Strengths & Positives

Mekhi Becton is an absolute force and he’s going to get Jets fans even more invested in offensive line play than they were last year. He’s stronger than everyone else, but he’s also crazy athletic and smart. The Jets were the second most penalized team in the NFL last season and good amount of that came from the offensive line. Becton didn’t commit a single holding penalty in his 33 career starts for Louisville.

Becton started for the Cardinals since his freshman year. He began at right tackle and moved to the left during his sophomore season. This definitely gives the Jets some options on how they want to integrate him. Personally, I wouldn’t waste any time getting him started at left tackle. It would give Sam Darnold some consistency in the shape of his pocket for the long term.

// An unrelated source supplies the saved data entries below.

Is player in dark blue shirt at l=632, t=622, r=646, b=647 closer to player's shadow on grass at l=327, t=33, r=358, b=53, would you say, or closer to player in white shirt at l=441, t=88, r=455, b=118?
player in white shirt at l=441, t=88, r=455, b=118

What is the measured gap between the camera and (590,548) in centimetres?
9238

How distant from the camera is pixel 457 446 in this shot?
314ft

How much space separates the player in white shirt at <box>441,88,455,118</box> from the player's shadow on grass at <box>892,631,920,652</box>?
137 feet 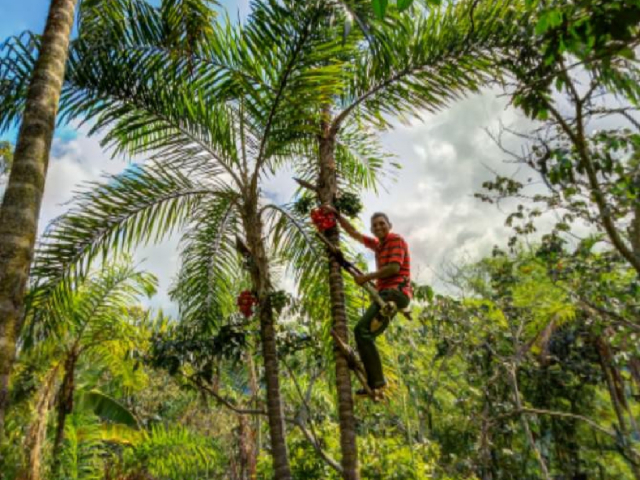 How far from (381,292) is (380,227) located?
71 cm

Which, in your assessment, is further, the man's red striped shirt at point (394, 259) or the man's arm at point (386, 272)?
the man's red striped shirt at point (394, 259)

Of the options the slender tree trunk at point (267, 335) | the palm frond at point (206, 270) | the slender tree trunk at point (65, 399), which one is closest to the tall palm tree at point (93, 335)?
the slender tree trunk at point (65, 399)

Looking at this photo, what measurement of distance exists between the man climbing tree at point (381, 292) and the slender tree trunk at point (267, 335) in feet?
3.15

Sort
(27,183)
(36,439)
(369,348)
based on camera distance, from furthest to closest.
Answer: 1. (36,439)
2. (369,348)
3. (27,183)

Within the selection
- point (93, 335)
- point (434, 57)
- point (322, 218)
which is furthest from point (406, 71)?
point (93, 335)

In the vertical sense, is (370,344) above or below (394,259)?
below

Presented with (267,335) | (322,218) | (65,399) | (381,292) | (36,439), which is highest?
(322,218)

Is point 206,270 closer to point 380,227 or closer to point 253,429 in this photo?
point 380,227

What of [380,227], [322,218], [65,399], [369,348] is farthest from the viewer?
[65,399]

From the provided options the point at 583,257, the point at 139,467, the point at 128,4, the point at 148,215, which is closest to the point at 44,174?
the point at 148,215

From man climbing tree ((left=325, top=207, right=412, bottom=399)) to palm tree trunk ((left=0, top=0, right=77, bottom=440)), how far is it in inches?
95.8

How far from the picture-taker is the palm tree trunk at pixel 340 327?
4305mm

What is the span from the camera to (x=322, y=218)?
4516 millimetres

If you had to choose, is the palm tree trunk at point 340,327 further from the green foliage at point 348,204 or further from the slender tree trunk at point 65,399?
the slender tree trunk at point 65,399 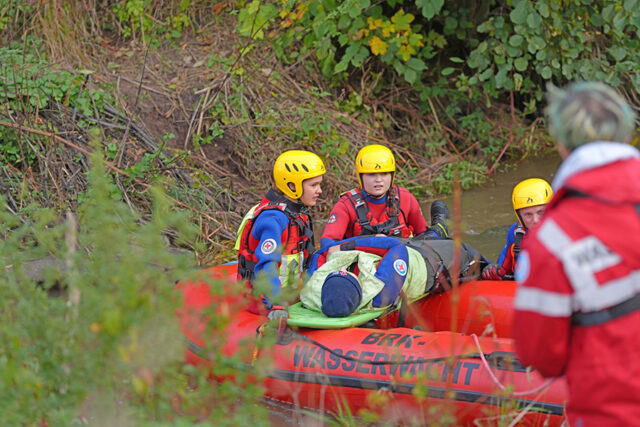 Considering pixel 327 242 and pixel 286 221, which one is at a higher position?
pixel 286 221

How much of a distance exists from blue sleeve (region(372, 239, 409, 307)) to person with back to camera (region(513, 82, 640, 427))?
2.54 m

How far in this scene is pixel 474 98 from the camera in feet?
31.6

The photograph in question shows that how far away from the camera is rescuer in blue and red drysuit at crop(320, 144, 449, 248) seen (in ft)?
18.2

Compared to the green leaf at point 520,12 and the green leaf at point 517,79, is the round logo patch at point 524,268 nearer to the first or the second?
the green leaf at point 520,12

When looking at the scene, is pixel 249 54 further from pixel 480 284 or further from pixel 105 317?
pixel 105 317

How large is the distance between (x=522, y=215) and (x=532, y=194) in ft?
0.59

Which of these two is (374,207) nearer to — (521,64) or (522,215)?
(522,215)

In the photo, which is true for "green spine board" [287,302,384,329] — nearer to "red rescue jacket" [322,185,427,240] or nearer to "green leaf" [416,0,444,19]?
"red rescue jacket" [322,185,427,240]

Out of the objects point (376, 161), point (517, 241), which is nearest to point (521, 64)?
point (376, 161)

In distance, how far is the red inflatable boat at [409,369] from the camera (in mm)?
3516

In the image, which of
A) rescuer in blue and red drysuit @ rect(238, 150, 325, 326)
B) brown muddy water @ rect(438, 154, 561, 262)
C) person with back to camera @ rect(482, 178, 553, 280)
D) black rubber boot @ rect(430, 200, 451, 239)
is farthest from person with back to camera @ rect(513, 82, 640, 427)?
brown muddy water @ rect(438, 154, 561, 262)

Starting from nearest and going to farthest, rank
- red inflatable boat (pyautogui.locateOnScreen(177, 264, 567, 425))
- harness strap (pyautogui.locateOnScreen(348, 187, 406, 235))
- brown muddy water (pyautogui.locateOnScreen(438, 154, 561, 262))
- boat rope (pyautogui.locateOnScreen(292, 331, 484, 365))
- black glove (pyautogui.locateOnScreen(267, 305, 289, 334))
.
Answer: red inflatable boat (pyautogui.locateOnScreen(177, 264, 567, 425)) < boat rope (pyautogui.locateOnScreen(292, 331, 484, 365)) < black glove (pyautogui.locateOnScreen(267, 305, 289, 334)) < harness strap (pyautogui.locateOnScreen(348, 187, 406, 235)) < brown muddy water (pyautogui.locateOnScreen(438, 154, 561, 262))

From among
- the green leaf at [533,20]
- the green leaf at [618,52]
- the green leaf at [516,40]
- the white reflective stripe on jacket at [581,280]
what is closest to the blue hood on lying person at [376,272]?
the white reflective stripe on jacket at [581,280]

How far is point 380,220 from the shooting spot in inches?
224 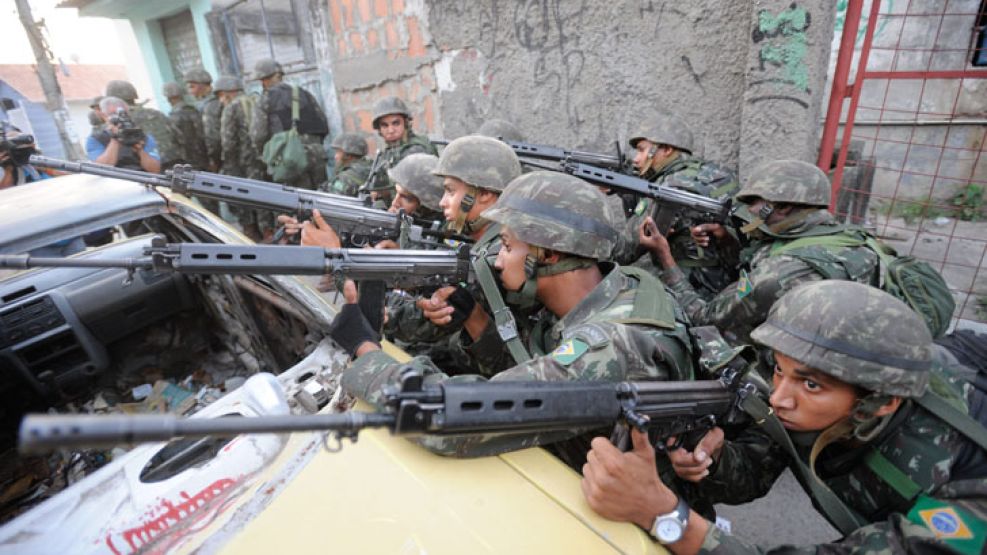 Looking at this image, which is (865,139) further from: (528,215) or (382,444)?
(382,444)

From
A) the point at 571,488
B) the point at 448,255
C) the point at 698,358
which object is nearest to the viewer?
the point at 571,488

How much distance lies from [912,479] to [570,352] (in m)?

To take a closer look at some of Becton’s strengths let’s look at some plays from his final season at Louisville. The three areas I want to cover are his power, his versatility, and his pass protection.

Zone But Make It Power

Luckily, for the Jets, Becton is actually a scheme fit. He’s coming from a zone blocking scheme with Louisville. Often when people think about a zone scheme from an offensive line perspective, they think finesse. That’s definitely not how Becton played it. He’s was a brute force blocker within a zone scheme. Typically the defender is a part of the dance but with Becton he often finished things up pretty quickly. Here are some examples of how Becton displayed his power in a Louisville’s zone blocking scheme.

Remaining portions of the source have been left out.